Barack & Michelle Obama Talk Everyday Racism & Being Mistaken for a Valet With 'People'
In a new interview with People, the most powerful couple in the United States revealed an important and telling experience — even Barack and Michelle Obama have faced racism, and not as long ago as you might think.
In the preview to the full magazine piece, the Obamas detailed to People the "racial prejudice" (read: racism) they dealt with before and, perhaps even more surprisingly, after they got to the White House. Even when she is in the public eye, Michelle dealt with some pretty blatant discrimination:
I tell this story — I mean, even as the first lady — during that wonderfully publicized trip I took to Target, not highly disguised, the only person who came up to me in the store was a woman who asked me to help her take something off a shelf. Because she didn't see me as the first lady, she saw me as someone who could help her. Those kinds of things happen in life. So it isn't anything new.

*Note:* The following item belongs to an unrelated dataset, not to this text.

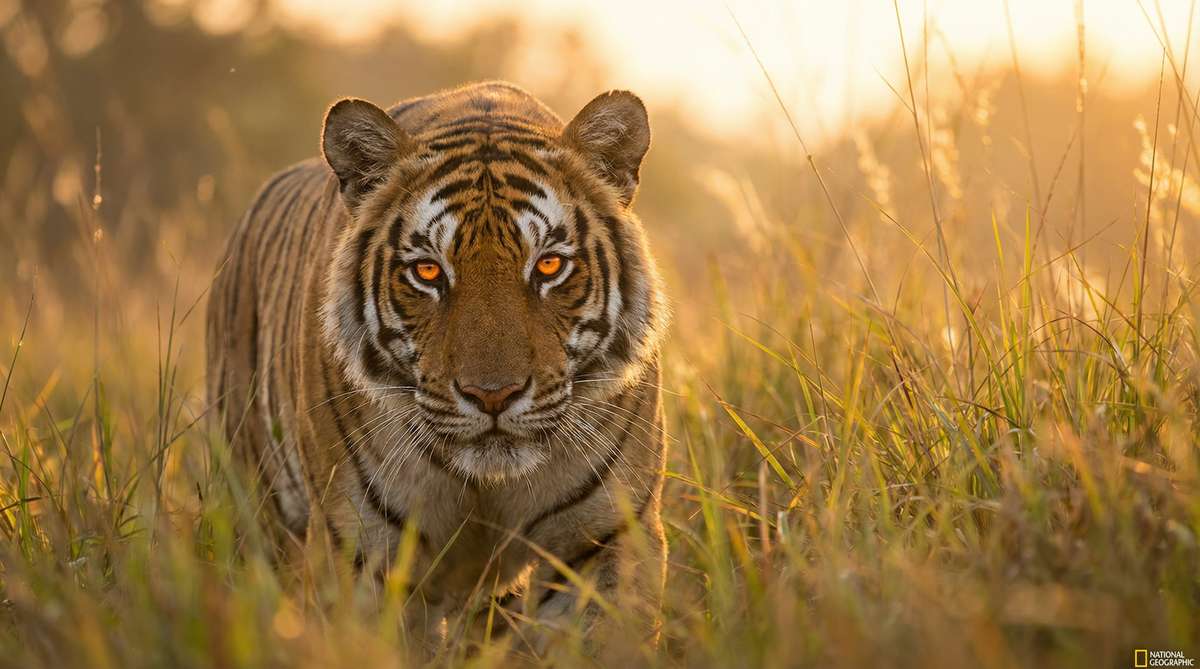 日本三级今日推荐老虎视频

The president didn't recall any anecdotes from his time in the White House, but offered a frank analysis of how America perceives the majority of black men.
There's no black male my age, who's a professional, who hasn't come out of a restaurant and is waiting for their car and somebody didn't hand them their car keys.
Michelle also retold another cringe-worthy moment:
He was wearing a tuxedo at a black-tie dinner, and somebody asked him to get coffee.
Of course, as the First Lady and President of the United States, these days the Obamas are largely spared from the racism that many black people face on a daily basis. The president noted:
The small irritations or indignities that we experience are nothing compared to what a previous generation experienced. It's one thing for me to be mistaken for a waiter at a gala. It's another thing for my son to be mistaken for a robber and to be handcuffed, or worse, if he happens to be walking down the street and is dressed the way teenagers dress.
The Obamas are also expected to take these "irritations" and "indignities" in stride, but not because they are the President and the First Lady. Not because they are worried about how it will offend white voters if they call out valid race issues. It is because they, just like all African-Americans in the U.S., are expected not to push back against longstanding accepted behavior.